# Records to process:

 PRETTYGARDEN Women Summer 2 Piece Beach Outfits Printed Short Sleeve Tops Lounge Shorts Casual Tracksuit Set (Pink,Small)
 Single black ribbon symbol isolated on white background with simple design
* * *
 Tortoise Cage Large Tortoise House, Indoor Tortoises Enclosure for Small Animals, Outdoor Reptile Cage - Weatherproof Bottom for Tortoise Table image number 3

# Task goal:
When a line of the material holds the string "Small", copy that line.

# Written response:
 PRETTYGARDEN Women Summer 2 Piece Beach Outfits Printed Short Sleeve Tops Lounge Shorts Casual Tracksuit Set (Pink,Small)
 Tortoise Cage Large Tortoise House, Indoor Tortoises Enclosure for Small Animals, Outdoor Reptile Cage - Weatherproof Bottom for Tortoise Table image number 3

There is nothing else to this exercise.